Given the critical mission of Penn Vet and other university efforts, the move by the legislature may seem draconian. Yet, with anti-Semitism encapsulated in pro-Palestinian advocacy on so many campuses, the funding halt is a start.
Anti-Semitism, which includes blatant physical harassment and threatening of Jews at some U.S. universities, brings into clear focus the ongoing lack of accountability by many academics quick to wrap themselves in the flag of academic freedom as they push evil causes.
Despite decades of universities mouthing “never again” to the distancing shadow of the Holocaust, recent Hamas attacks in Israel have indicated the vanity of campus criticisms of the barbarity of the 1930s and ’40s.
Thankfully, some grown-ups remain, and among them are Republicans in the Pennsylvania legislature.
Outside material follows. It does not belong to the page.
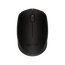 Mouse Wireless Logitech B170, Negru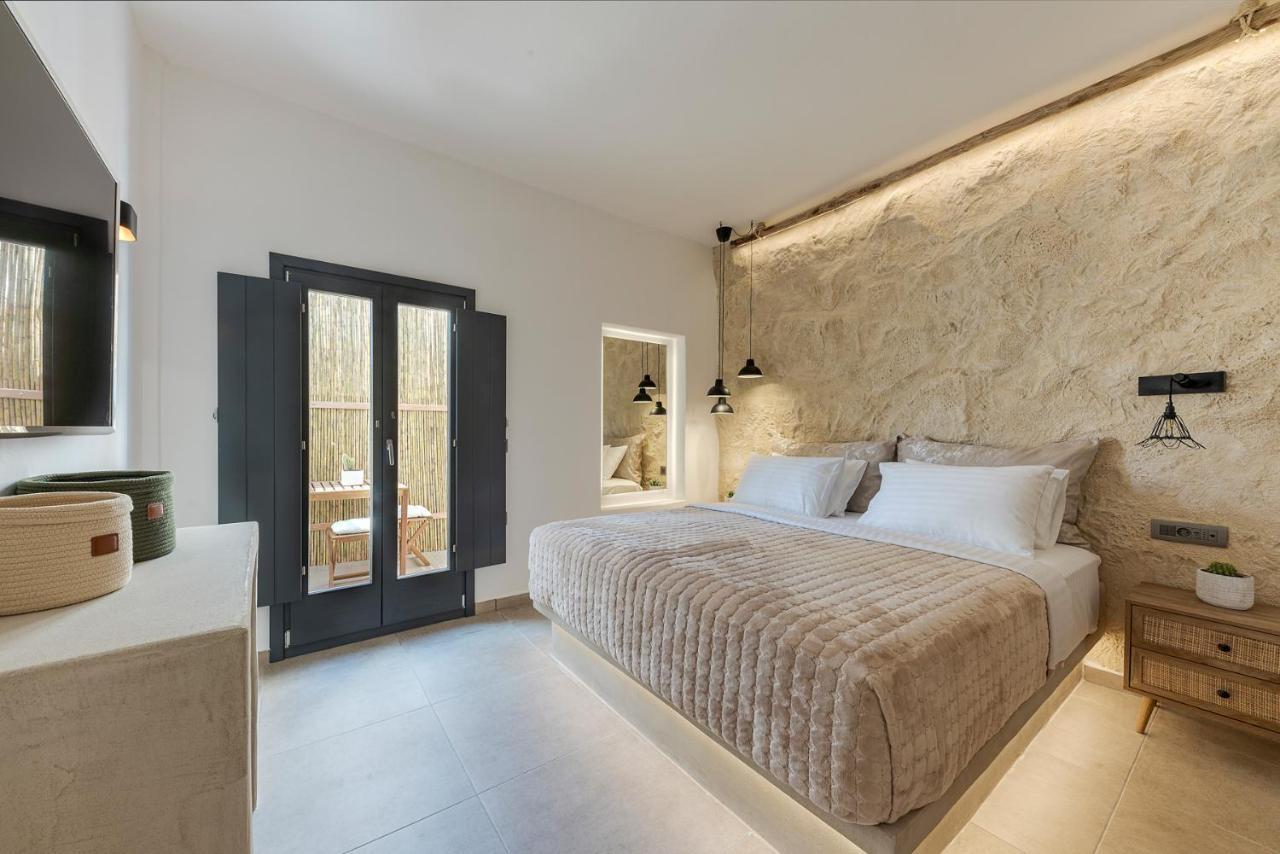 23 Smart Suite Imerovigli  Exteriér fotografie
Hopefully, other legislatures are paying attention and will resist the howls of censorship and anti-intellectualism as the people’s representatives step up and say: “Enough!”
After anti-Semitism, they should address issues of critical race theory; diversity, equity, and inclusion; the trashing of Western civilization; and overall censorship of thoughts not aligned with those of the commissars of academe.
But anti-Semitism needs to be the immediate focus. Some Republicans even have introduced bills in the legislature aimed at combating it at Pennsylvania state educational institutions.
No doubt state officials throughout the country will be paying close attention.